The Court of Appeal held, that

  1. this was a case ‘… which cries out for a worldwide Mareva injunction even though it is being sought before judgment. The amount involved and the findings of the judge [at first instance] … make this clear’ (per May LJ); and
  2. ‘… there is every justification for a worldwide Mareva, so long as, by undertaking or proviso or a combination of both, (a) oppression of the defendants by way of exposure to a multiplicity of proceedings is avoided, (b) the defendants are protected against the misuse of information gained from the ordinary order for disclosure in aid of the Mareva, and (c) the position of third parties is protected’ (per Parker LJ).

Apart from the remarkable trio of 1989 cases above, one 1990 case added the relatively minor points that English courts should, as a general rule, confine themselves to assets within the jurisdiction, unless, of course, England was the forum for the substantive dispute between the parties.
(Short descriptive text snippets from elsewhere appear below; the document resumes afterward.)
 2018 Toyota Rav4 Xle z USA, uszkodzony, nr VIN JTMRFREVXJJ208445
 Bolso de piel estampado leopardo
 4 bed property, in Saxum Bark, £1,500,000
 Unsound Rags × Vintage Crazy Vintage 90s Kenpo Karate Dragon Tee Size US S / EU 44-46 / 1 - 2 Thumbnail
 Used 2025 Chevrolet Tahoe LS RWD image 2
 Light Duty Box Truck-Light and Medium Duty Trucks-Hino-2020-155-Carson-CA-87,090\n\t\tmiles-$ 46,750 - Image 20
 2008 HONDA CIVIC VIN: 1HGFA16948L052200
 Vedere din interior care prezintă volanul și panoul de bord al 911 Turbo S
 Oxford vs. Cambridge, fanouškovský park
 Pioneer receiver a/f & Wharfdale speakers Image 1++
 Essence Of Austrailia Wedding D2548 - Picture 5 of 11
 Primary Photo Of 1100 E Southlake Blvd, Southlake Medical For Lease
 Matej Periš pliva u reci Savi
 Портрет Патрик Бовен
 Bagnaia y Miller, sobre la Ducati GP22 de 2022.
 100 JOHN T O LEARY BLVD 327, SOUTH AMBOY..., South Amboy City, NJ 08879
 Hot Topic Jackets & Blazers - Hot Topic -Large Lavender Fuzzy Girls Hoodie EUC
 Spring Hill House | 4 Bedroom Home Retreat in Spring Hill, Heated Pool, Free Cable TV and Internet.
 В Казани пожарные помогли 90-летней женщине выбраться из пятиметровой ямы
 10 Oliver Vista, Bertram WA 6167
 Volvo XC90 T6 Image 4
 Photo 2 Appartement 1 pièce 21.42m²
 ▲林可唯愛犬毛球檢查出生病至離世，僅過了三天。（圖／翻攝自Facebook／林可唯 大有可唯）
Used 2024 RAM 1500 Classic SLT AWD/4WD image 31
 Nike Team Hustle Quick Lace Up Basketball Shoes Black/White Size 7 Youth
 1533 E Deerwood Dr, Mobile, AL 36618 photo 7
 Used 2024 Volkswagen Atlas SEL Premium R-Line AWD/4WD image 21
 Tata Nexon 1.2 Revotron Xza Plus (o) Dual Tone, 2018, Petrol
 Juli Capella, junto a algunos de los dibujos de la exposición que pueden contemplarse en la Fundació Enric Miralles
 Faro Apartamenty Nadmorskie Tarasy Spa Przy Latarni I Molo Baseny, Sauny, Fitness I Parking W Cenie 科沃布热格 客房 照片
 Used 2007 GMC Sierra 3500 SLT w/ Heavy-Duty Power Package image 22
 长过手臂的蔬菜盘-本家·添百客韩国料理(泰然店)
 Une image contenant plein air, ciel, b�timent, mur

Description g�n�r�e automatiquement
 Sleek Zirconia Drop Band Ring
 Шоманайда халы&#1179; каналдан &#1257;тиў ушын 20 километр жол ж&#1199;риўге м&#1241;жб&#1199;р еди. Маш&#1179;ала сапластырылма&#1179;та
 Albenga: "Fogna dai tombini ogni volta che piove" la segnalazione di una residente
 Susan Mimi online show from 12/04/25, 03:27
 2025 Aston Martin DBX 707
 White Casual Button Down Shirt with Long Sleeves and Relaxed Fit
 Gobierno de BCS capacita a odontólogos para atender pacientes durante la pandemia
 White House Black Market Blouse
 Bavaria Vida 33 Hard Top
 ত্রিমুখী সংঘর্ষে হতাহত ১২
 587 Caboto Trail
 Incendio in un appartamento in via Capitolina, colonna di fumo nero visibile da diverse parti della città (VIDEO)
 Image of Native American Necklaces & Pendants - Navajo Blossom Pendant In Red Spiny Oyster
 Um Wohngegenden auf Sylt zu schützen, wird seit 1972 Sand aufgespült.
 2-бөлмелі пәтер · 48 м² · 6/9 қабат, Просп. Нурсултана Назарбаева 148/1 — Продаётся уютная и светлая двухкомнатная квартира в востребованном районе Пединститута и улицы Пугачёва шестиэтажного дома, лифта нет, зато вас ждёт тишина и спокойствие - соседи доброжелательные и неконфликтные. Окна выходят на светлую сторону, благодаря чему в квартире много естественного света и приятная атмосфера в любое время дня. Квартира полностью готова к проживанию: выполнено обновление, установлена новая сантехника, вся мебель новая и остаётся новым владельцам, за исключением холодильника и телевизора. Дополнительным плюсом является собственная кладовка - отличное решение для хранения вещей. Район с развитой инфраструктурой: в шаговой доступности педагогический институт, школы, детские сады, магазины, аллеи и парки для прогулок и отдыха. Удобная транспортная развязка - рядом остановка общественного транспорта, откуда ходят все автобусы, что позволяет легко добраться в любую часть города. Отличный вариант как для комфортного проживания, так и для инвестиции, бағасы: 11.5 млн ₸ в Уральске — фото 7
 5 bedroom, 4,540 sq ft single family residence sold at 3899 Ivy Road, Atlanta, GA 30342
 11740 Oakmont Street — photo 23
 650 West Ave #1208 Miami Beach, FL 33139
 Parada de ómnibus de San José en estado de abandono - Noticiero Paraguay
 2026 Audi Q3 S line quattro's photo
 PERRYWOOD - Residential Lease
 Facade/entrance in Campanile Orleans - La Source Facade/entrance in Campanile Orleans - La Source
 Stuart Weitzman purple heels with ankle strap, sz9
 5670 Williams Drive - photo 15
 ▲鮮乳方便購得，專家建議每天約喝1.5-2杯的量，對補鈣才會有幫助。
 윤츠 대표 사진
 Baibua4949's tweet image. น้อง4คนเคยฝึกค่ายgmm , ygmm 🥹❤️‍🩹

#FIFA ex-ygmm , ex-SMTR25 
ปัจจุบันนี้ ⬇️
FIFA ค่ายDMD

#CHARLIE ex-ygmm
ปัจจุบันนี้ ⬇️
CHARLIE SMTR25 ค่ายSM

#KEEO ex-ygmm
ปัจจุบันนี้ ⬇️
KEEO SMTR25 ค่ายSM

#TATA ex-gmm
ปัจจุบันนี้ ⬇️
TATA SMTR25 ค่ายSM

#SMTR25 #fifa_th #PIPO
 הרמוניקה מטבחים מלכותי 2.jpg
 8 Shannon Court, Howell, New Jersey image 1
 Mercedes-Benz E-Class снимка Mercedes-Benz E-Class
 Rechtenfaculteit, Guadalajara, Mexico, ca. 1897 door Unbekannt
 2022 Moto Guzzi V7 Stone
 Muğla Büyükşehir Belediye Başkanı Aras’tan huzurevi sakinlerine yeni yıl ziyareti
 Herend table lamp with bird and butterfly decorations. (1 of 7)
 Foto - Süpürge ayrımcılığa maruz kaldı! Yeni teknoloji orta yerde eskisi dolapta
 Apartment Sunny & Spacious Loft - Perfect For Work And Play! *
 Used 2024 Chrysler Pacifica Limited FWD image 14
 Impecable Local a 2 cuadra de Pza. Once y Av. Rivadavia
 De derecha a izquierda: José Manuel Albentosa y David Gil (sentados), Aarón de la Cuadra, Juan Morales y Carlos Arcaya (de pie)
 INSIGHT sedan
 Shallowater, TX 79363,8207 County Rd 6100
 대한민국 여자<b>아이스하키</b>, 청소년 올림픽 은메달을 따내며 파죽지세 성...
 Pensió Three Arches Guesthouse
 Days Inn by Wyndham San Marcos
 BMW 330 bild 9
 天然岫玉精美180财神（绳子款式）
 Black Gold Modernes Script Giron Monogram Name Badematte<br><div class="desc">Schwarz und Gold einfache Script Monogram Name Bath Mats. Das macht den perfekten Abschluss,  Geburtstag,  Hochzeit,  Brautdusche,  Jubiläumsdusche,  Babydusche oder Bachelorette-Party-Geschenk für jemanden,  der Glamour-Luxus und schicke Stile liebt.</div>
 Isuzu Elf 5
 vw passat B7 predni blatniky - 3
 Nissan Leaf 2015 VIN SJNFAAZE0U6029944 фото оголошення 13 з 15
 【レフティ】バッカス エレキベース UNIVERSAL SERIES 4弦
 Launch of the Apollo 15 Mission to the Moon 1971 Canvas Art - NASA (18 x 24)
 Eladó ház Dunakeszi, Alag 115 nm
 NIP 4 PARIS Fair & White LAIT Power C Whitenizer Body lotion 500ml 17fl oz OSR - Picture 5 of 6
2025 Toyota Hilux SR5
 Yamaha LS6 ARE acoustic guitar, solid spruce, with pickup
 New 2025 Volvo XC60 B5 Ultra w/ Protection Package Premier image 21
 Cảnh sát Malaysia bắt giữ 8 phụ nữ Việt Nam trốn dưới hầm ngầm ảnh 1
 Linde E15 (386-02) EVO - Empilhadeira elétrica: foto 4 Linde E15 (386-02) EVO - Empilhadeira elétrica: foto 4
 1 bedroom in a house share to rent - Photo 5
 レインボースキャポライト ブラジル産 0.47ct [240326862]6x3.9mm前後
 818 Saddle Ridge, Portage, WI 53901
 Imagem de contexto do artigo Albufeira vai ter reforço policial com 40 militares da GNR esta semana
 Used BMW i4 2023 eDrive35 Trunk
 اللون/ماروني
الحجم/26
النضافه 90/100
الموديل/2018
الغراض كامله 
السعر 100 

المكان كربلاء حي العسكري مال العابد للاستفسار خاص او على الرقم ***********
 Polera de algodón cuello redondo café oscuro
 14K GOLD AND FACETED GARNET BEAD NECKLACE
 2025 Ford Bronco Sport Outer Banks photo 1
The court wouldn’t normally grant an extraterritorial Mareva injunction where the plaintiff was seeking merely to enforce a foreign judgment in England. See Rosseel v. Oriental Commercial Shipping [1990] 1 WLR 1387. Indeed, Rosseel took a more cautious approach than in Derby v. Weldon (No.6) [1990] 1 WLR 1139, where the Court of Appeal had decided that, in the exercise of its Mareva jurisdiction, it had the power to order the transfer of the defendant’s assets from one jurisdiction to another.

The significance of Art 27(2) of the Brussels Convention is that Mareva injunctions are frequently made ex-parte and so it would appear that the advantage of surprise obtained by the plaintiff is nullified by his inability to enforce the judgment in other Contracting States. Denilauler v. Couchet Frères (Case 125/79) [1980] ECR 1553 is the ECJ authority for stating that an ex-parte order that is obtained in one Contracting State is not enforceable in another.